While we were in the midst of a lot of that turnover that I started this show with, not only were we losing employees, but we had this bad rash where all of them were talking to each other and saying, “Let’s go on Glassdoor.” We didn’t even know much about Glassdoor at the time. We’d never had issues with it before. All of a sudden, HR was sending us these Glassdoor reviews. Me and the 7 or 8 managers on my team all signed up for notifications if anything came out from NVR on Glassdoor. Rather than get upset about them, what we started doing is we would read Glassdoor.

If we got a review, we all saw it. I would print it and put it first in the packet for our weekly meeting. We’d go around and we’d say, “Who thinks this is their office?” We’d have them read it out loud to the group. It was like the Mean Tweets segment on Jimmy Kimmel. It would be hilarious to listen to people read the Glassdoor as if they were the person. My favorite one and I don’t think he’s going to get too upset about this. NVR, at least our business, wasn’t the most diverse business. We had one Asian manager in our whole company.

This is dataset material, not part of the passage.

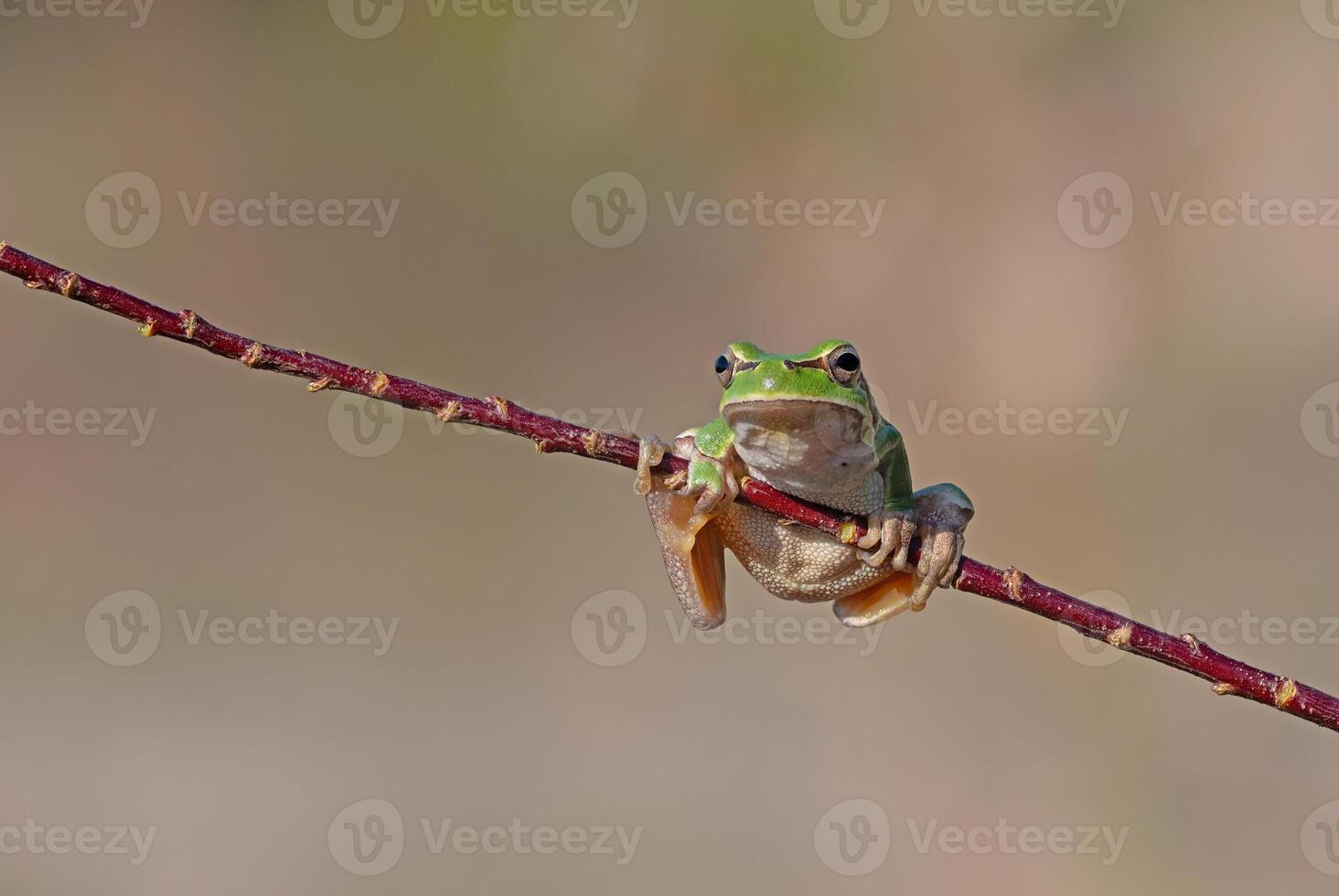 Green frog climbing on the plant in Turkey. Hyla orientalis climbing on the plant. Funny frog. photo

He happened to be a good friend of mine and everyone on our team. These Glassdoors were random, but this one was like, “The interview process was a disaster. The Asian manager, especially, was mean and he had a wrinkly shirt and a stinky breath.” I read it out loud at our group and everyone knows there’s only one Asian manager in the company. I’m like, “I wonder who they’re talking about.” Everyone started crying at Divo. For three months, every time we’d see him, we’d be like, “That’s a nicely pressed shirt. It looks like you got your act together,” every single time. It’s not like we just ignored it and said Glassdoor is not important to us. We were still focusing on it. I wasn’t focused on Glassdoor. I was focusing on keeping people and making them happier. Every time we get one, we learn a little bit from it, but we made it funny. We didn’t turn it into life or death. We didn’t threaten to fire people. We laughed a little bit about the absurdity that is Glassdoor in the first place.

It's easier to be self-deprecating if you believe it. Click To Tweet

What’s the movie with the Italian guy where he makes a joke and makes it like his family is living in an incredible place during the Holocaust? Do you remember that? He won an Academy Award for Best Actor. I thought of it here. There’s a song that’s like, “If you’re going through hell, keep going.” Some of these times that you’re going through, like these incredible things. In the movie that I’m talking about, the man who wins the Academy Award walks on top of the chairs to go up to the stage to accept his award because he’s got this incredible personality that will not be contained. He acts in the movie about one of the worst atrocities in the last 200 years, but at the same time, he had a family and he had to make it the best he possibly could so he did.

There are two things to say about this specifically. At work, no matter what you’re living through, the Earth probably is not going to spin off its axis. We’re probably all going to live. Having some humor levity perspective is hugely important. Number two, unless you want to fire your staff and be completely miserable, these are the group of people you got to get through it with. If you can pick up morale in a downtime and you can get people to rally around you, that’s how leadership is forged. Look at who has become leaders in our country and in companies. Usually, it’s because of some kind of strife, war or something. There are the worst things possibly happening, and then people find others around you, and they are drawn to that.

We’ve talked a little bit about where it’s appropriate. Superiors tend to take it better when you pick at them a little bit if you play it right because a superior already know they’re above you. The guy you were talking about that you’re picking on has a lot more money than you. He can’t feel threatened by you. You’re small fish to him. Someone bigger has more money. A good friend of mine in Vienna, I’m always messing around with like, “I’m going to kick your butt.” He’s a 270 pound, ex defensive end for a Division 1 college football team. He’s not threatened by me saying these things to him so I can say it and get away with it.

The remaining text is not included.